Tomorrow is Transgender Day of Visibility — a single day dedicated to celebrating our beautiful community and raising awareness about the ongoing discrimination endured by trans and gender non-conforming folx around the world. While I am a firm believer that we should do that every day of the year — I mean, why else would I have this site? — I like to take this opportunity to reflect on our progress, celebrate our achievements, and further emphasize why our visibility is not only important, but vital.
This TDOV, I took the opportunity to interview six passionate, badass, powerful, inspiring, game-changing TGNC people on why our visibility matters —
- Sophie Kozub (she/her), a transgender digital campaigner from New Jersey. Follow her on Twitter.
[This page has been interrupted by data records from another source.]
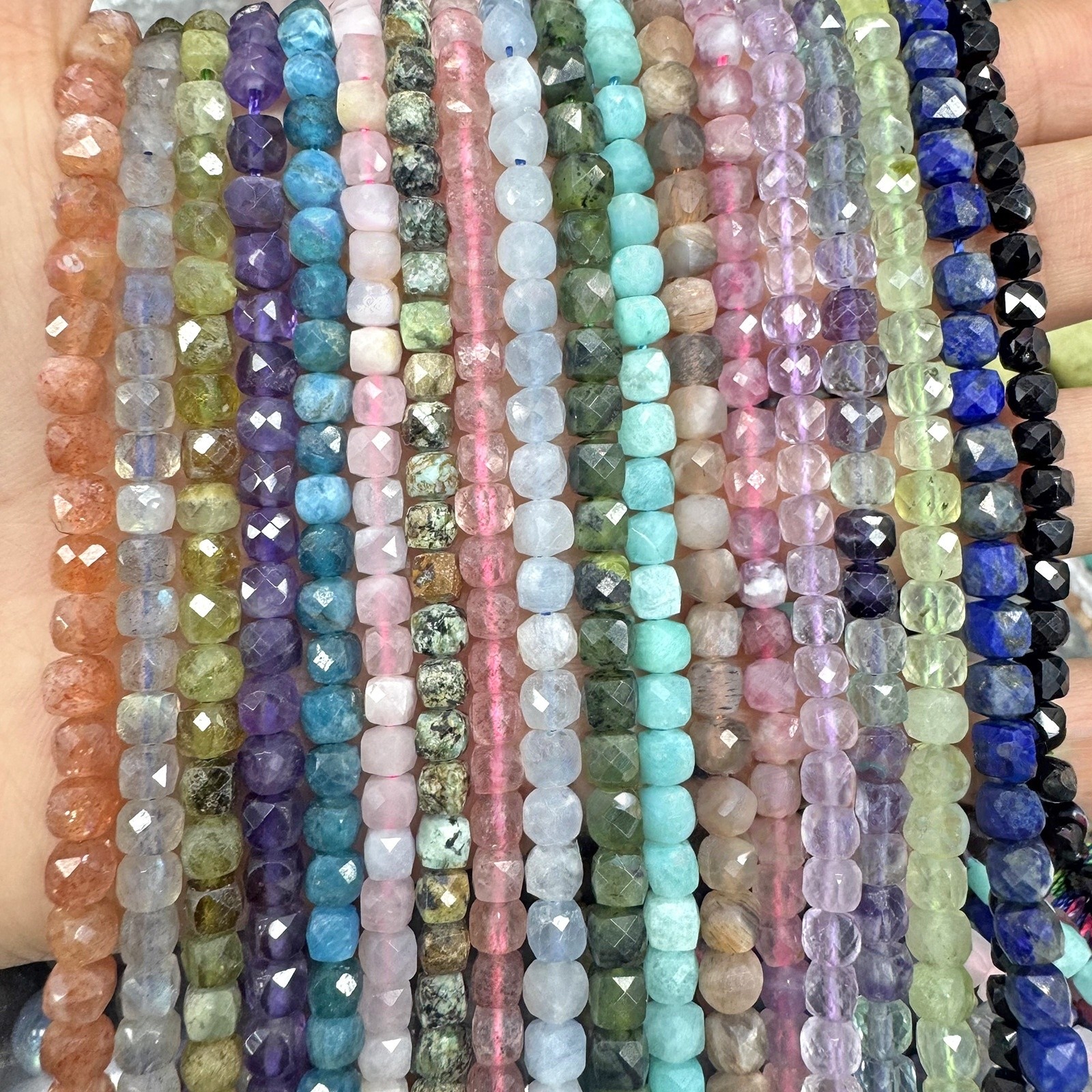 天然多彩宝石方糖形4&times;4DIY散珠水晶石青金石半成品串珠珠宝奇石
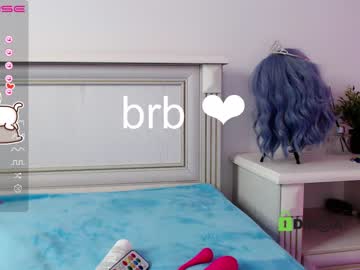 girl small_blondee image #3321079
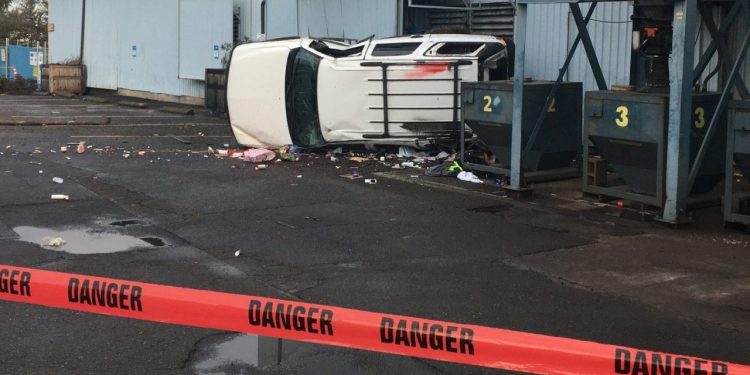 Man dies in rollover crash into NW Portland warehouse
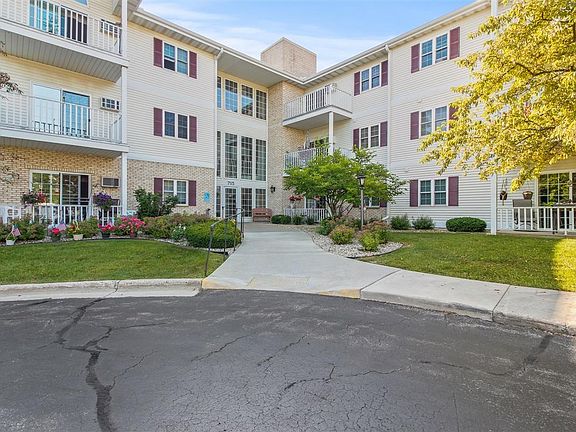 2nd image of 715 Canterberry Ct Unit 316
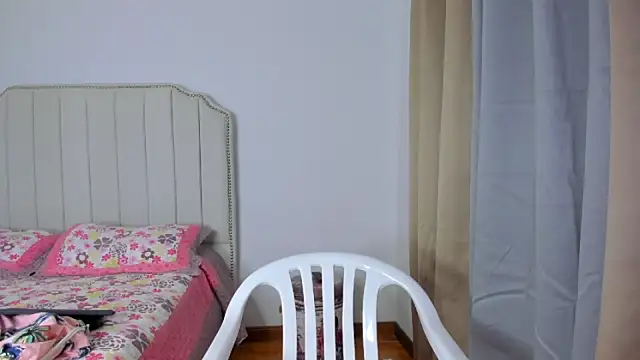 Hanna86 online show from March 6, 1:13 am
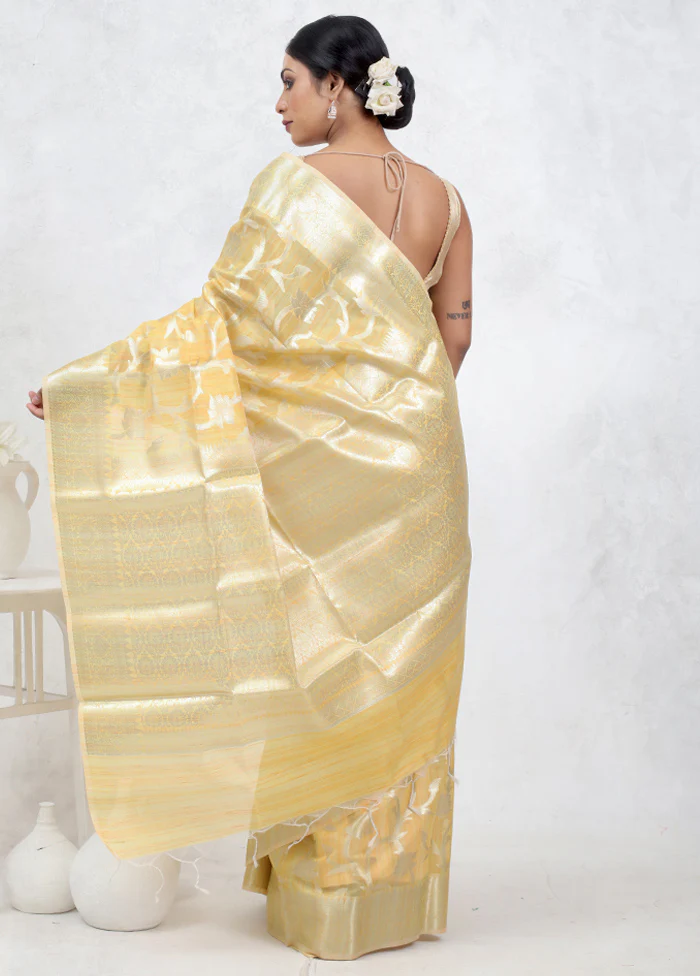 Yellow Kora Silk Saree With Blouse Piece - Image 3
- Tim Buns (they/them), a non-binary freelance illustrator and coffee professional based in Chicago, IL. Follow them on Instagram and Twitter (and buy their art!).
- Rolande (Rollie) Edwards (she/her), a transgender violist based in Toronto, CA. Follow her on Instagram.
- Jeffrey Guillermo (he/him), a transgender coffee professional based in Brooklyn, NY. Follow him on Instagram.
- Savy Dunlevy (they/them), a gender non-conforming audio technician based in Brooklyn, NY. Follow them on Instagram.
- J Urban (they/them), a nonbinary public health professional from Minneapolis, MN. Follow them on Instagram and Twitter.
Each of these folks works daily to shine a light on the profound and widespread impact of visibility. (and I command you to follow them right this very second. No, really. Do it now.)
When discussing the influence of transgender visibility over time, I like to visualize a snowball. Creators pack the first snow when they release trans-affirming representation into the world — representation characterized by positive, accurate, diverse, and complex portrayals of trans and gender non-conforming people.
The snowball begins to roll as people consume this representation. Cisgender consumers develop a greater understanding of the TGNC community, which sets them on the path to becoming better allies. Transgender consumers become reassured that it is possible to live happy and fulfilled lives after coming out. The snowball grows larger, more dense.
These folx then have the opportunity to share what they have learned with others — budding cisgender allies help spread affirming messages about TGNC folx, and TGNC folx become more affirmed in their identities, perhaps even becoming the representation that they once craved. The snowball is now a force to be reckoned with, more powerful than any force that could possibly oppose it.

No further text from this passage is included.